From the foregoing, it can be deduced that social security pension systems can be categorized into two types, namely, the Defined Benefit (DB) and the Defined Contribution (DC) systems. The DB system refers to the PAYG system where benefits are predetermined. These may be in the forms of lump sum benefits and benefits related to previous earnings. The extent to which the benefits are actually funded varies from country to country and overtime, even though the partially funded DB system tends to be most common (Akintola-Bello, 2004). In the case of Nigeria, the benefits side was characterized by two components of payments – lump sum benefit in the form of gratuity, based on the number of years of service and the terminal compensation package, and monthly pension payments guaranteed for life, the rate of payment being dependent on the length of years of service (Ozo-Eson, 2004).

 

The DC system on the other hand refers to a fully funded ‘actuarially fair’ system, meaning that the assets match liability at any given time. Akintola-Bello (2004, 47-48) explains that the term ‘actuarial’ refers to the long-run financial stability (viability) of the system. A stable system is said to be in ‘actuarial balance’ when there is a relationship between contributions and benefits at the individual level. In reality, there are different degrees of actuarial fairness. Also, both the unfunded PAYG and the funded DC systems can be either completely non-actuarial or actuarially fair.

 

Motivation for Pension Reform: The Political Economy of Pension Reform

Various scholars have attempted to theoretically explain the causative likely triggers of pension reforms.

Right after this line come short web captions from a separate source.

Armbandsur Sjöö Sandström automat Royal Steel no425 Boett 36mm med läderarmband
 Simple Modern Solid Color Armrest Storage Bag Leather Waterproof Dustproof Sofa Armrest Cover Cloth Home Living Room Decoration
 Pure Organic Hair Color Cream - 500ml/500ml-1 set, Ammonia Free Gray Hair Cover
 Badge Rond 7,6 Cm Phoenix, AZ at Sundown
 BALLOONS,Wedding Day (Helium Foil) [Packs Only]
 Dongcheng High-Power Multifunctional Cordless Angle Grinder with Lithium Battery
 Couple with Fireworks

They include: the character of political leadership, pension system and debt crises, the balance of power between reform advocates and opponents, weak structures of governance, the combined roles of domestic and external economic and political influences, the influence of neoliberal ideas, relationship between international demonstration effects and domestic policy choices, and the role of international organizations in cross regional diffusion of ideas and models. These factors and how they apply to the particular Nigerian experience are examined below.

 

Studying four countries in both Latin America and Eastern Europe, namely, Argentina, Bolivia, Hungary and Poland, Muller (2003: 47 -78) identifies five likely variables that could trigger reform – dynamic political leadership, the role of international financial institutions, pension system crisis, intelligent reform strategy design, and the respective power or powerlessness of reform advocates and opponents.

 

Of all the five variables, Muller finds the role of political leadership to be critical in the four case studies. In particular, she finds that paradigmatic reform is often triggered by new actors being involved in the process. In addition, while severe financial crisis may strengthen the position of the finance ministry, high foreign debt may enhance the arguments of international financial institutions pushing for reforms. She also reports that the state-labour movement relationship could also facilitate or hinder reforms.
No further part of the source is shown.